Proposition: Let $G$ be a $p$-group acting on a finite set $X$. Then $|\fix(G)| \equiv |X|\pmod{p}$.
Attempt:
To start, we know that $X$ is partitioned into it's orbits and since $G$ is finite we can use orbit-stabilizer theorem to assert that
$$
\frac{|G|}{|\stab(x)|} = |\orb(x)|, \; (\forall x \in X).
$$
Because $\stab(x)$ is a subgroup of $G$ and $G$ is finite; Lagrange's theorem implies that $|\stab(x)|$ divides the order of $G$, but since $G$ is a $p$-group this means that $|\stab(x)|$ is a power of $p$, and further that for each $x \in X$, $|\orb(x)| = p^\alpha$ for some $\alpha \geq 0$. Next let us consider what it means to be an element of the fixed set of $G$. By definition, $x \in \fix(G)$ means that $g \ast x = x$ for all $g \in G$; which with some thought, means that $\orb(x) = \{x\}$, and moreover $|\orb(x)| = 1$. In light of this, we may write
$$
\fix(G) = \{x \in X : |\orb(x)| = 1\},
$$
and so $|\fix(G)|$ is just the number of elements of $X$ with just themselves in their orbit.
Again as a corollary of Orbit-Stabilizer and that $X$ is a finite set, we know
$$
|X| = \sum_{x \in X} |\orb(x)|.
$$
But this gives more, reducing this sum modulo $p$ will annihilate any term such that $|\orb(x)| = p^\alpha$ where $\alpha>0$, and leave only terms whose orbits have $|\orb(x)| = 1$ (there are no other possible remainders because the orbits each have order a power of $p$ by the Orbit-Stabilizer theorem).

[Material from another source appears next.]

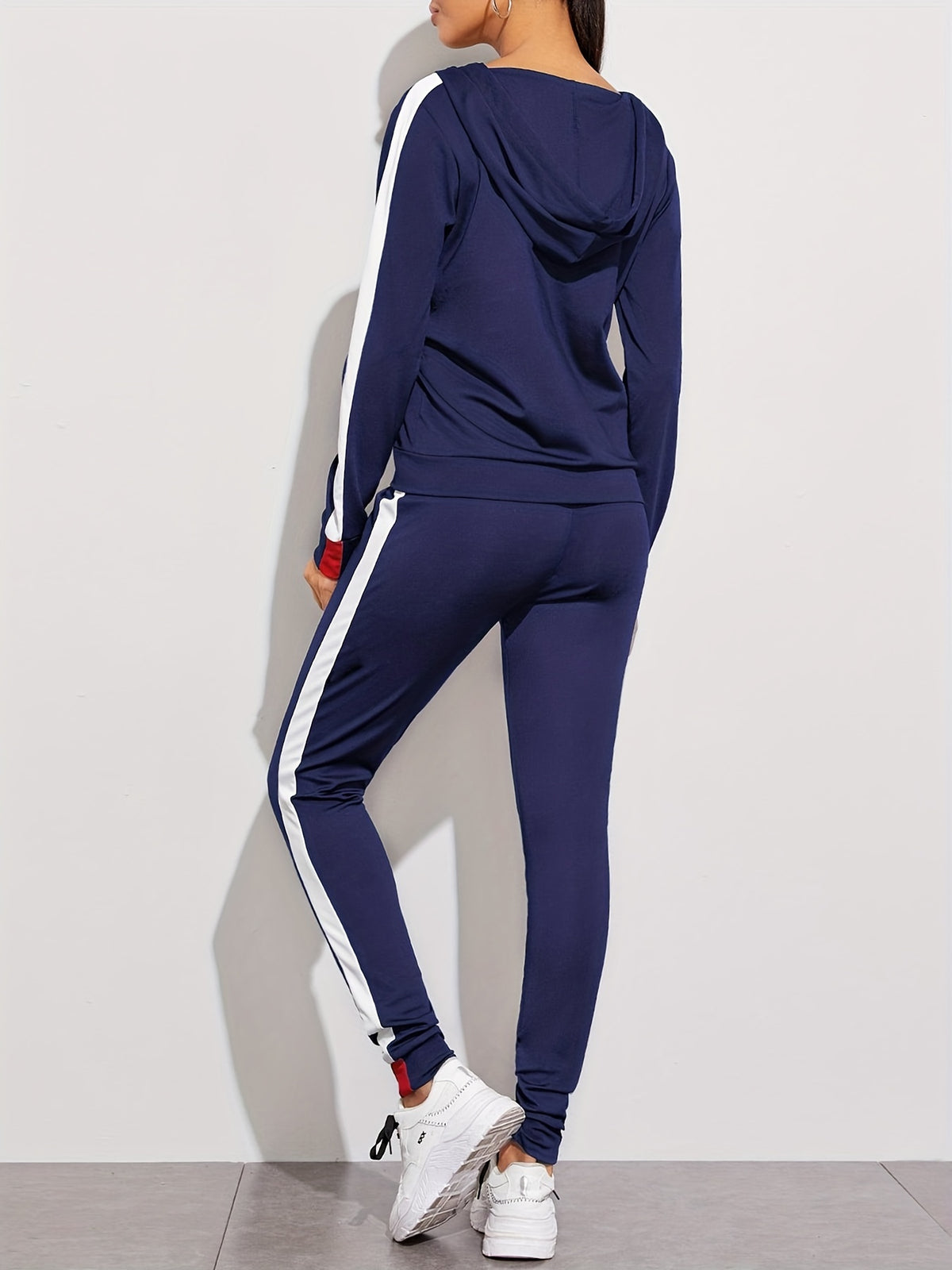 ensemble décontracté à capuche zippée pour femme avec motif rayé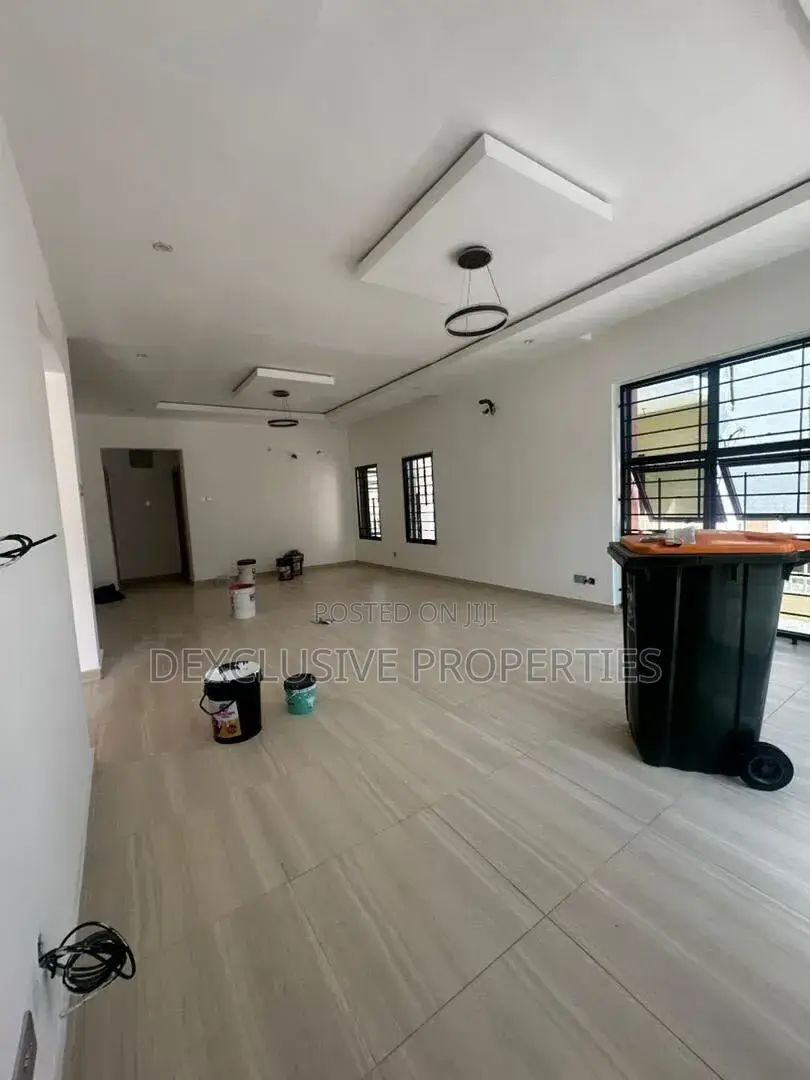 4bdrm Duplex in Ogudu Gra for rent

But there are exactly $|\fix(G)|$ of those terms and hence $|X| \equiv |\fix(G)|\pmod{p}$.
Is this argument alright? Particularly is there a need for a more rigorous way to articulate the last paragraph? It felt slightly hand-wavy to me. Any recommendations? Thanks in advance.
Best Answer
Your proof seems correct to me. Shortly, the orbit equation reads: $$|X|=\left|\operatorname{Fix}(G)\right|+\sum_i[G:\operatorname{Stab}(x_i)]$$ where the $x_i$'s are representatives of the non-sigleton orbits. Since $[G:\operatorname{Stab}(x_i)]$ is a proper power of $p$ for every $i$, then $|X|\equiv\left|\operatorname{Fix}(G)\right|\pmod p$.